GNOME Bugzilla – Bug 103938
feature request: better handling of invalid combinations
Last modified: 2012-08-18 17:10:26 UTC
Package: pango Severity: enhancement Version: 1.2.x Synopsis: feature request: better handling of invalid combinations Bugzilla-Product: pango Bugzilla-Component: general Description: OpenType documentation[1] seems to say that invalid combinations should be handled thusly: - If a combining character is preceded by a space and a zero width joiner, render it all by itself. - Otherwise, render it on top of U+25CC DOTTED CIRCLE. This way it will look the way it does in the unicode.org code charts. Also worth noting is that the Unicode Standard 3.2, section 2.6, says: "By convention, diacritical marks used by the Unicode Standard may be exhibited in (apparent) isolation by applying them to U+0020 SPACE or to U+00A0 NO BREAK SPACE." [1] http://microsoft.com/typography/otfntdev/indicot/other.htm, http://microsoft.com/typography/otfntdev/arabicot/other.htm ------- Bug moved to this database by unknown@bugzilla.gnome.org 2003-01-19 22:42 ------- Reassigning to the default owner of the component, otaylor@redhat.com.
Created attachment 18445 [details] [review] patch to improve the current behavior somewhat
The patch above doesn't do anything with dotted circles. It seems like that'd be pretty hard. Instead, it attempts to allot an appropriate amount of room for a sequence of combining characters applied to a space or not applied to anything (at the beginning of a line for example).

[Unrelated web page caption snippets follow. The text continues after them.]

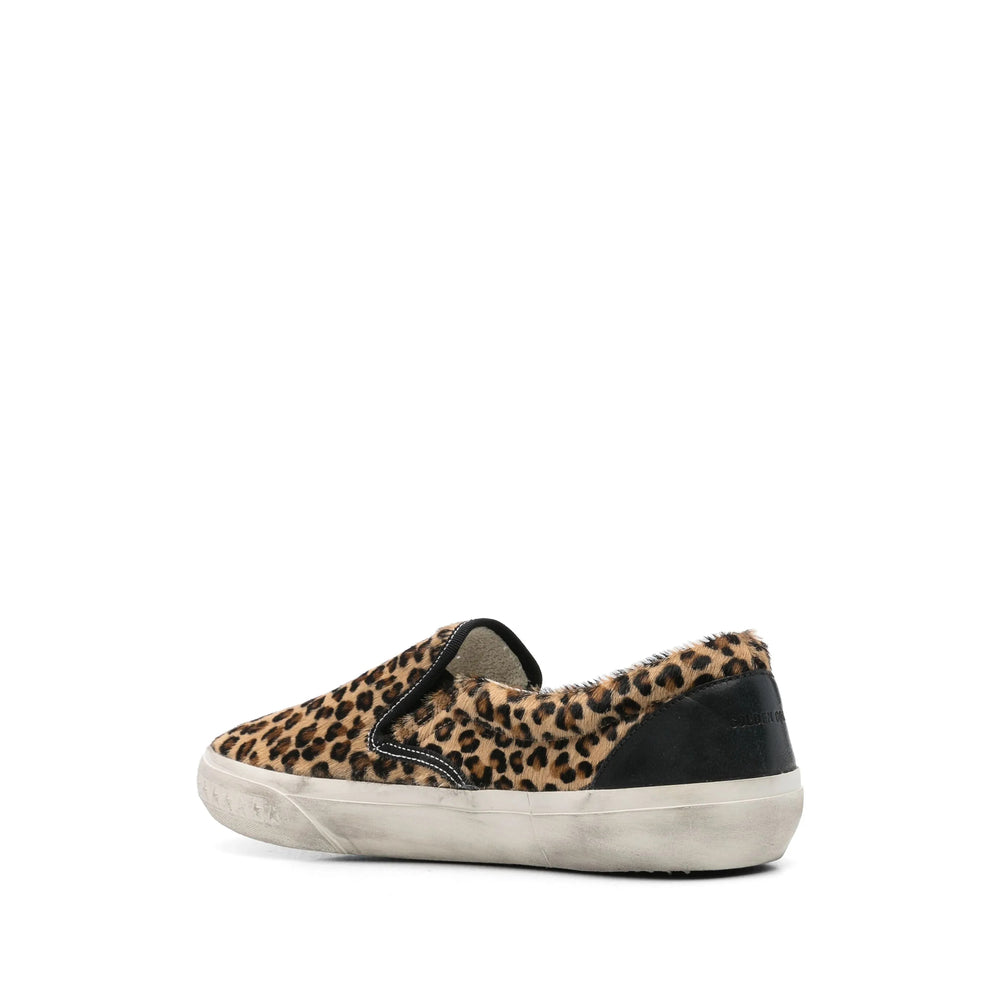 Golden Goose Scarpe - Neutri, Marrone | 6fa1e3a5dae7dc16859ddc52822326dea69a7cc3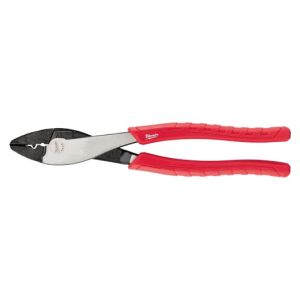 Crimping Pliers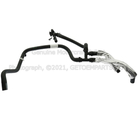 KH1147 - HVAC: Motorcraftâ„¢ Connector Hose for Ford Image
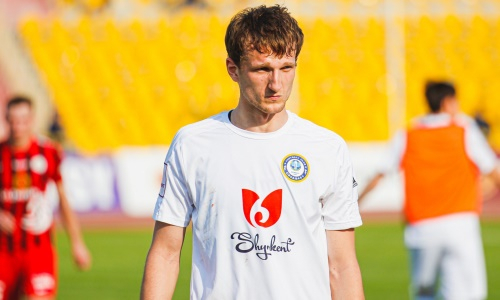 «Голевой феерии пока нет». Форвард «Ордабасы» получил оценку на родине за игру в КПЛ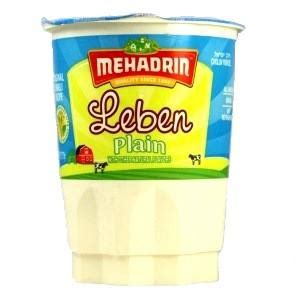 Mehadrin Leben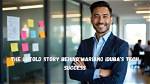 The Untold Story Behind His Success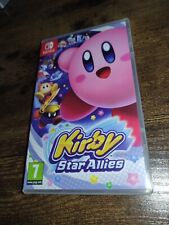 Nintendo switch kirby for sale  LUTON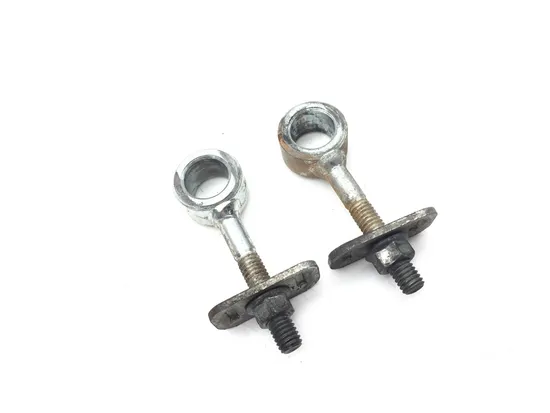 Belt Tensioners 2001 Harley-Davidson Electra Glide Classic FLHTC 2703A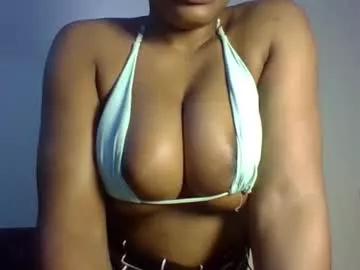 sexy_natallie from Chaturbate is Freechat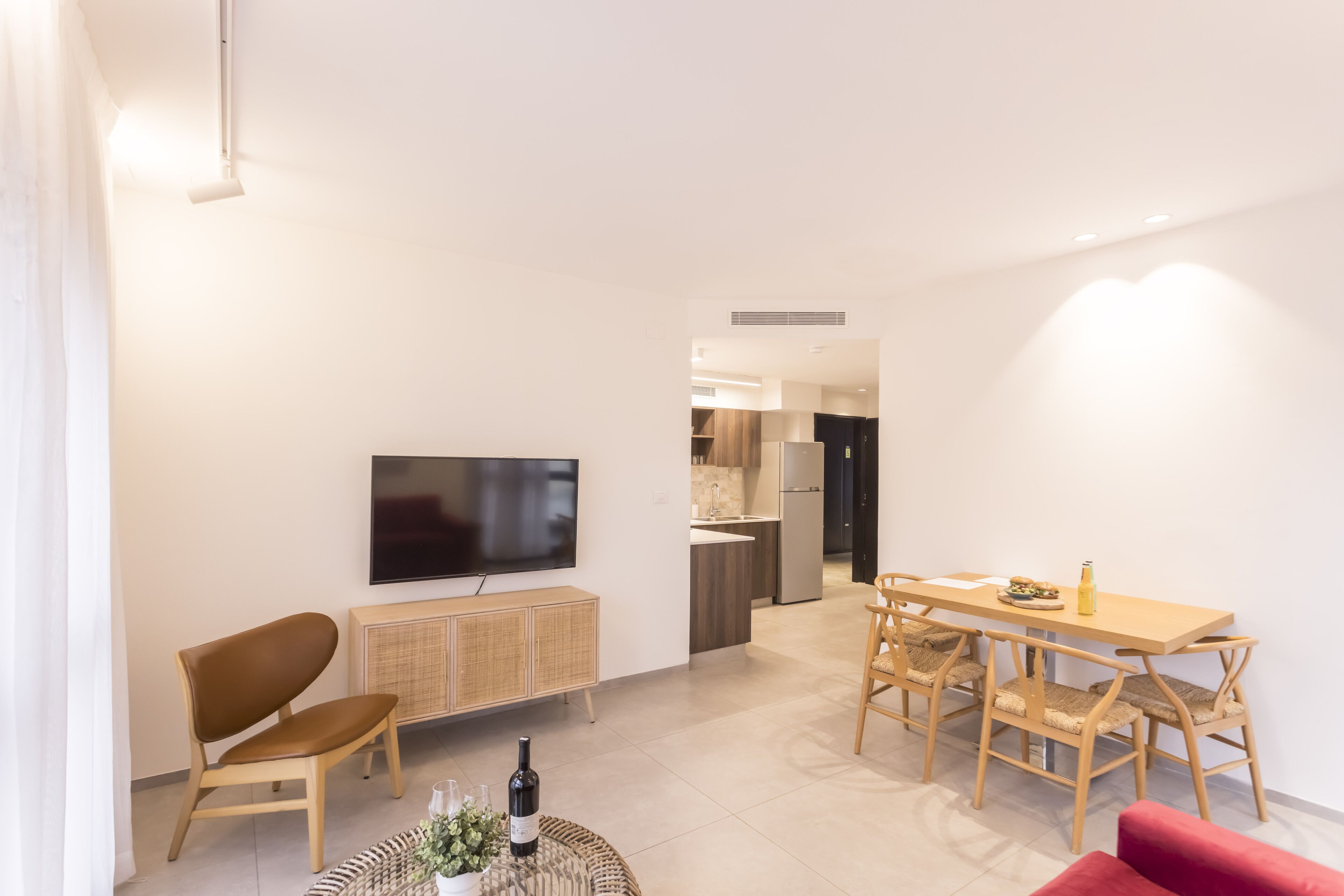 Amalon Apartment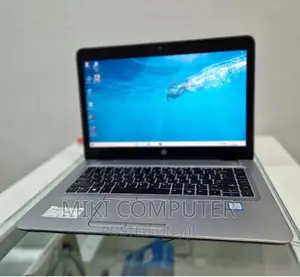 New Laptop HP EliteBook 840 8GB Intel Core I5 HDD 1T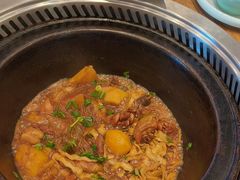 -锅老头铁锅炖•大锅蒸汽海鲜(韩乐坊店)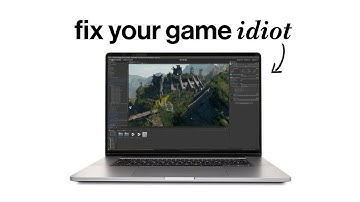 these 59 seconds will change your INDIE GAMES forever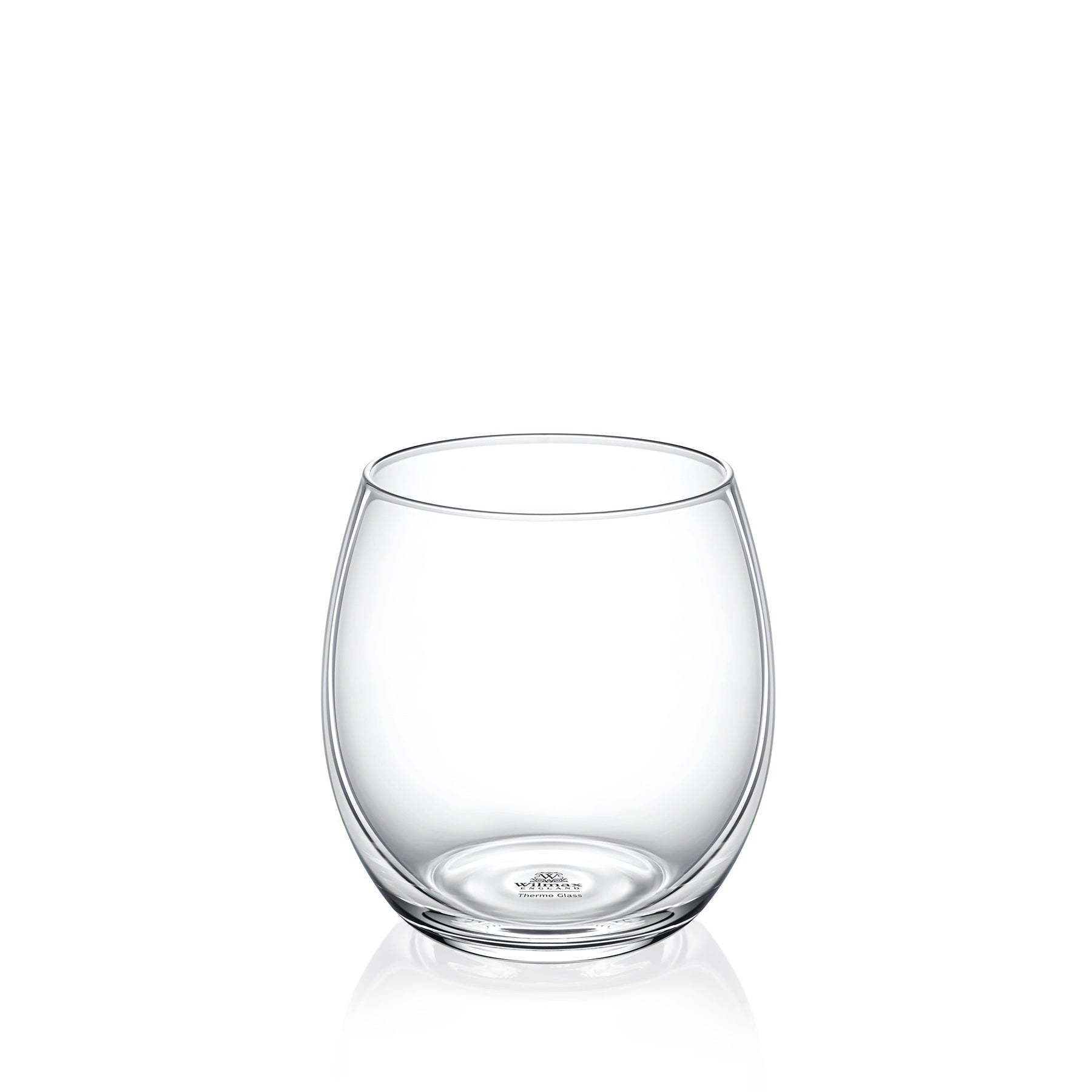 Wilmax Thermoglas Getränkeglas 530 ml Transparent WL-888640/A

Incidentally, as I read the standard, a space followed by a combining character isn't technically an invalid combination. Section 3.6 D17a: "Defective combining character sequence: a combining character sequence that does not start with a base character. - Defective combining character sequences occur when a sequence of combining characters appears at the start of a string or follows a control or format character."
My patch above is wrong. It doesn't handle the case where the base character and combining character, or different combining characters, come from different fonts.
What was the conclusion of the discussion about this on the Unicode mailing list? I thought some people were arguing that the OpenType interpretation was clearly incompatible with the Unicode spec. (Though it may well be the case that we should deviate from the Unicode spec as well if that is going ot make things better for our users.)
In my opinion, the conclusion of the thread was that space+diacritic should show the diacritic in isolation, and a diacritic in isolation should be shown on a dotted circle. It's not crystal clear though. John Cowan does say, "This is a clear demonstration that Uniscribe fails to implement a standard correctly, a property unique neither to Microsoft nor to the Unicode Standard," in reference to the space+ZWJ thing.
*** Bug 121095 has been marked as a duplicate of this bug. ***
*** Bug 132378 has been marked as a duplicate of this bug. ***
*** Bug 127176 has been marked as a duplicate of this bug. ***
Bug 127176 contains patch to do dotted-circle for invalid mark sequences in the Arabic shaper.
Red Hat bug about Punjabi and dotted circle (which is implemented in Qt): https://bugzilla.redhat.com/bugzilla/show_bug.cgi?id=202181
Closing obsolete. Should be addressed in HarfBuzz if ever.